5.30.2012 A Tip leads me to a Virgin Spot...

While awaiting my buds' arrival for the Workaholics season premiere party I was hosting, I talked to my neighbor.  He claimed he'd surfed Pillbox in Solana Beach that morning and it was shoulder high.  I didn't really believe him, but I was intrigued.

I decided to head over there after checking the reports.  All the sites I had checked were saying dismal things about the 1-2' waves.  I packed the fish in the Rad for a second time in a row, a possible record, and headed to the 101.

Cardiff Reef was tiny, George's was flat, Seaside looked DECENT!  I almost parked and paddled out but I had to check on Pillbox.

I parked in the lot and, sure enough, there were some sets rolling through.  I can only imagine it's a bathymetry issue, as it doesn't face drastically different compared to neighboring spots to pull in more swell.

As I walked down the lifeguard access ramp, I reflected on the last time my toes had touched that sand.  I realized it had been 4th of July weekend of 1996.  The reason I remember is because we went to see the movie "Independence Day" and my uncle and cousin were there with us.  It's the only time I've been to the beach with my uncle and the first of two times I've been with my cousin.

I reflected on all of the things that had transpired between then and now. It was almost half my life ago!  The last time I'd been to this beach, I was prepubescent.
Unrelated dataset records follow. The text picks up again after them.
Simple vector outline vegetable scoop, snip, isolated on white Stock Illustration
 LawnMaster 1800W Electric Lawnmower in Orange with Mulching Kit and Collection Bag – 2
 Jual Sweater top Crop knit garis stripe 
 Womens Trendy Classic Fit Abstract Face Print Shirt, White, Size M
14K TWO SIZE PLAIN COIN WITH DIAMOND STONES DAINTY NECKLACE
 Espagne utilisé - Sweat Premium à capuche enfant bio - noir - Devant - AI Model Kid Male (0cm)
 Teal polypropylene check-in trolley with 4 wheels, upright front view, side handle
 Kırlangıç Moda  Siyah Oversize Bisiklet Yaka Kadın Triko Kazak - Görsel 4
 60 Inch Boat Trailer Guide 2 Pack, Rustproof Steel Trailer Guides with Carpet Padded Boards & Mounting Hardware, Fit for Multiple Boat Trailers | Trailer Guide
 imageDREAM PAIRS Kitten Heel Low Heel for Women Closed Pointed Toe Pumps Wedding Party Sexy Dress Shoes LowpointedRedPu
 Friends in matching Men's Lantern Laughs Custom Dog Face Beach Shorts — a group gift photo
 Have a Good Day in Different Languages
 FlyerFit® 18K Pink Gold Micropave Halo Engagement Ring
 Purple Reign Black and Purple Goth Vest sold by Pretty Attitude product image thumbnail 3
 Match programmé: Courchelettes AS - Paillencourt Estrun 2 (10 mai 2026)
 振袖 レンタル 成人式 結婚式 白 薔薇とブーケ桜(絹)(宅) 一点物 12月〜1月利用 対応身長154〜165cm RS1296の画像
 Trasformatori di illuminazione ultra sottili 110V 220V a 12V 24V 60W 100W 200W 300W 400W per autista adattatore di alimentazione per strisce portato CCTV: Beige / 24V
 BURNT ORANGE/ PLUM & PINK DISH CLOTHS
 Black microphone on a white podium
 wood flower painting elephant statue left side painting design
The initial paddle-out was BRUTAL.  Because of the extreme width of the fish I was on, my paddling motion is shortened.  It becomes more elbow joint/bicep-driven and less shoulder joint/deltoid-driven.  While about two-thirds of the way out, my biceps were KILLING me.  I pushed on and finally made it out, about two blocks south of the access ramp I'd walked down.

I caught a steep left and had tons of speed, perhaps breaking my all-time speed record on that board.  I went for broke, pumping twice before angling off the lip for a sick floater and STOMPING it.  Ooh baby.

I caught about five forgettable waves before I caught a nice right that I went for a snap (more lateral on this board, due to my fear of washing out the fins) and my front foot slipped off.  Before I paddled out, I had made a concerted effort to comb the wax that had been melted and solidified on quite a few Santa Ana afternoons since it had been applied back in 2005.

I tried diving down to get some sand to coarsen the ancient wax job but was unsuccessful.  Apparently, Pillbox is a deep water spot.

I was in the middle of a pack of three.  The two other guys were buds.  One was  a goofyfoot who was absolutely RIPPING.

After catching waves of my own, I'd hooted or let my stoke be known to them on one of their waves in another way.  All I got back was dead silence. 

I spied a right, probably because I was sitting higher up in the water on my fish and sprint-paddled over there.  The guys followed suit, possibly out of curiosity as I'd been relatively mellow in my paddle speed throughout their tenure.  A gorgeous peak exposed its fangs and I jumped on its tongue, sliding down to the bottom, bottom turning carefully, going up the face to hit it.  The first time I did so, I got the oh-so-satisfying feeling of hearing my spray hit the water behind the wave.  I did it again, but there was no sound.  I had plenty of speed, but when I went for my third hit, my front foot slipped off the deck and I was done. 

As I was paddling out, I got a congrats on the wave from the regularfoot. 

I went in about twenty minutes later, as the wind had come up and was making the waves a bit too textured for my tastes.